For each account owner with combined revocable trust deposit balances of $1.25 million or less at a single bank, the maximum coverage will be determined by multiplying the number of different beneficiaries by $250,000. (This will apply to the vast majority of revocable trust accounts.) For each account owner with combined revocable trust deposit balances of more than $1.25 million and more than five named beneficiaries, coverage is the greater of $1.25 million or, as before, the aggregate of all beneficiaries' proportional interests in the trust deposits, limited to $250,000 per beneficiary.

Examples of extension of coverage based upon utilizing the different categories of ownership and CNB's participation in the TAGP:

Husband single account $250K per owner
Wife single account $250K per owner
Husband & wife joint $500K ($250K per co-owner)
Husband & Wife POD 3 children $1,500,000 ($250K per owner per beneficiary)
Husband & Wife POD 3 grandchildren, sister-in-law, friend, 2 charities $3,500,000 ($250K per owner per beneficiary)
Husband POD Wife $250K ($250K per beneficiary)
Wife POD Husband $250K ($250K per beneficiary)
Non-interest-bearing Transaction Accounts and Interest on Lawyers Trust Accounts* Unlimited coverage – only at participating FDIC insured banks and savings associations. CNB is a participant in this program.

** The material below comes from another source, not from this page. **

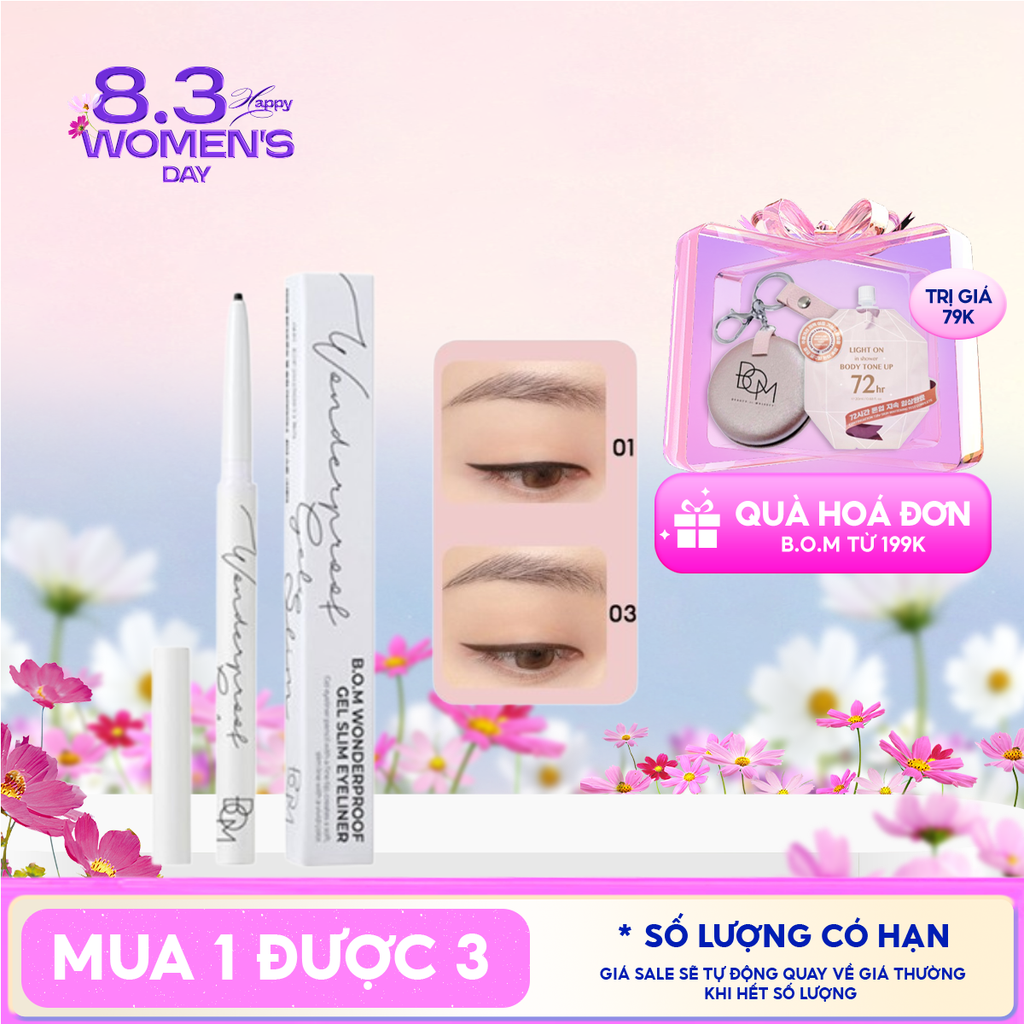 Chì Kẻ Mắt Siêu Mảnh, Lâu Trôi B.O.M Wonderproof Gel Slim Eyeliner 0.1g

* A "noninterest-bearing transaction account" is defined as a transaction (checking) account on which interest is neither accrued nor paid and on which the insured depository institution does not reserve the right to require advance notice of an intended withdrawal. This includes traditional demand deposit checking accounts that allow for an unlimited number of deposits and withdrawals at any time, Interest on Lawyers Trust Account, and low-interest negotiable order of withdrawal accounts (NOW accounts with interest rates no higher than 0.50 percent); however, it does not include NOW accounts at higher rates of interest or money market deposit accounts (MMDAs).

The unlimited insurance coverage on noninterest-bearing transaction deposit accounts is over and above the $250,000 in coverage provided to a customer already. For example, if a customer has $500,000 in a noninterest-bearing transaction deposit account and $250,000 in a certificate of deposit, the FDIC would fully insure the entire $750,000.

Note: additional coverage possible if more qualifying POD accounts are set up (i.e., utilizing different beneficiaries - siblings, parent, charities). Also, IRAs are additionally covered to $250K per individual. Beneficiaries do not affect IRA coverage.

CDARS®

CDARS® is the Certificate of Deposit Account Registry Service®. This allows CNB to open a "consolidated" CD for our customers for the purpose of extended FDIC insurance coverage: $250K remains at CNB, and we direct the rest of the monies to accounts at other participating institutions at $250K max each**. The customer will receive a monthly statement from CNB, outlining where the deposits are maintained—without ever having to visit or negotiate with the other banks. The interest rates quoted are based on CNB’s rates, specific to the CD term selected (3 months, 6 months, 12 months, 24 months, 36 month maturities). This product is an important option for very wealthy individuals who have uninsured monies even after the FDIC extended coverage because of titling changes or companies or non-for-profit organizations that have uninsured exposure, and may be mandated because of their fiduciary responsibilities, to have every dollar covered by the FDIC.

** As the increase in coverage is temporary, the maximum amount of the CD will correspond with the maturity date of the deposit as well as the extension in coverage.